Comparative Study of Catalytic Activity of Recyclable Au/Fe3O4 Microparticles for Reduction Of 2,4-Dinitrophenol and Anionic, Cationic Azo Dyes.

We synthesized Au/Fe₃O₄ microparticles. Initially, citrate-capped Fe₃O₄ micro-sized particles were synthesized by the co-precipitation method with an excess amount of trisodium citrate. Gold ions were reduced on the surface of citrate-capped Fe₃O₄ and grew as gold sub-microparticles with an average diameter of 210 nm on the surface. The characteristic SPR peak of gold nanoparticles on the surface of Fe₃O₄ was detected at 584 nm, whereas the absorption in the near-infrared region was increased.
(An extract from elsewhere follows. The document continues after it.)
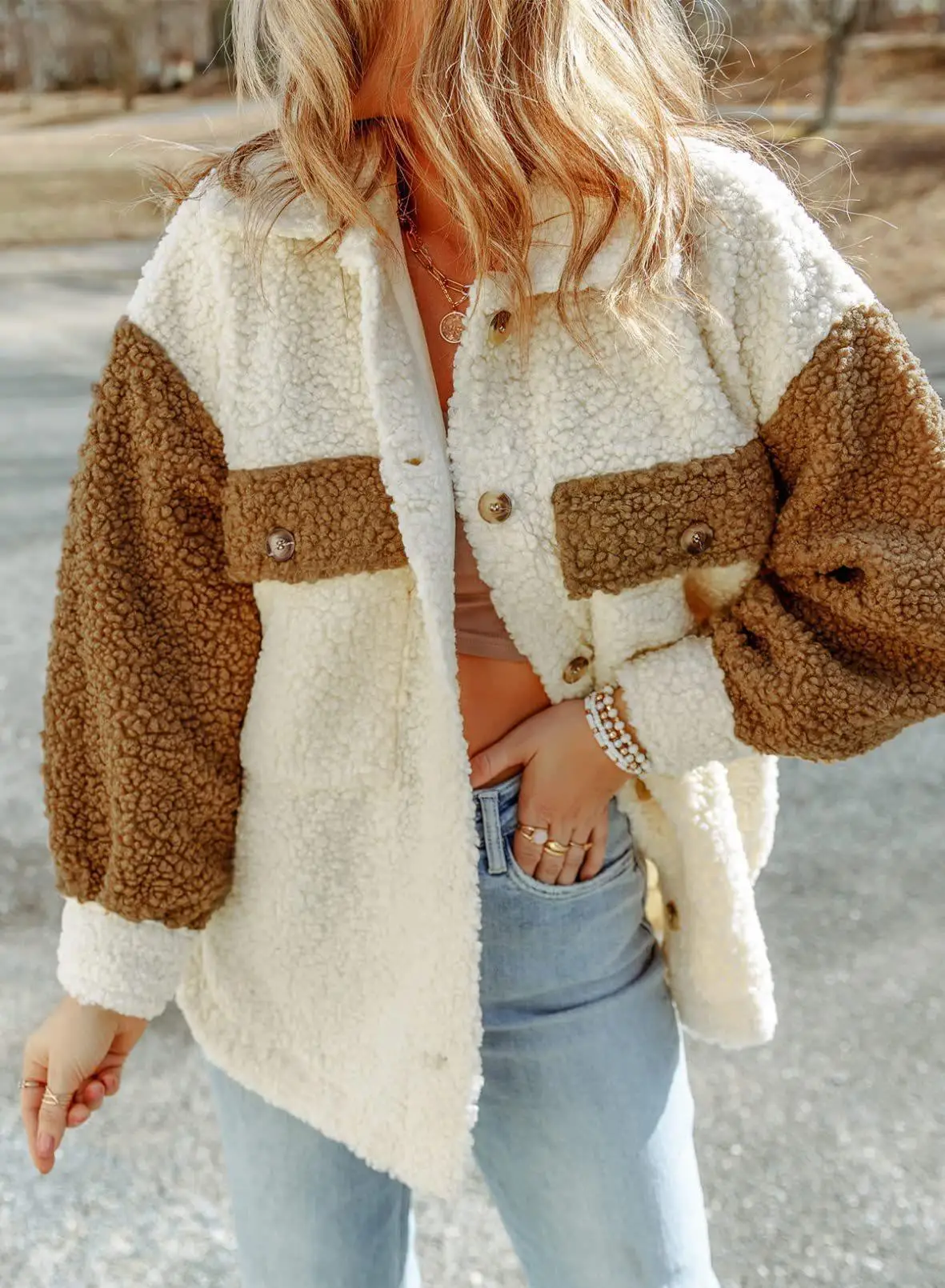 Heidi-Mode | Stilvolle Flauschige Chic-Jacke - Image 4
SEM images has proved that the synthesized Au/Fe₃O₄ composite microparticles has an average diameter of 1.7 micrometers. The results of XRD patterns proved the existence of both crystal phases of Fe₃O₄ and Au particles. To investigate the catalytic activity, the reaction rate constant of reduction of 2,4-dinitrophenol (2,4-DNP) and degradation of Congo red (CR), and methylene blue (MB) with NaBH4 in the presence of Au/Fe₃O₄ catalyst was monitored by UV-Vis spectroscopy. The initial reaction rate constant calculated from the change in characteristic peak absorptions of 2,4-dinitrophenol was 3.97×10⁻³ s⁻¹, while the reaction rate constants for the degradation of CR and MB were 9.72×10⁻³ s⁻¹ and 14.25×10⁻³ s⁻¹ respectively. After 5 cycles, Au/Fe₃O₄ microparticles preserved 99 % of the reaction rate constant, exhibiting considerable recycling efficiency in the reduction of nitro groups.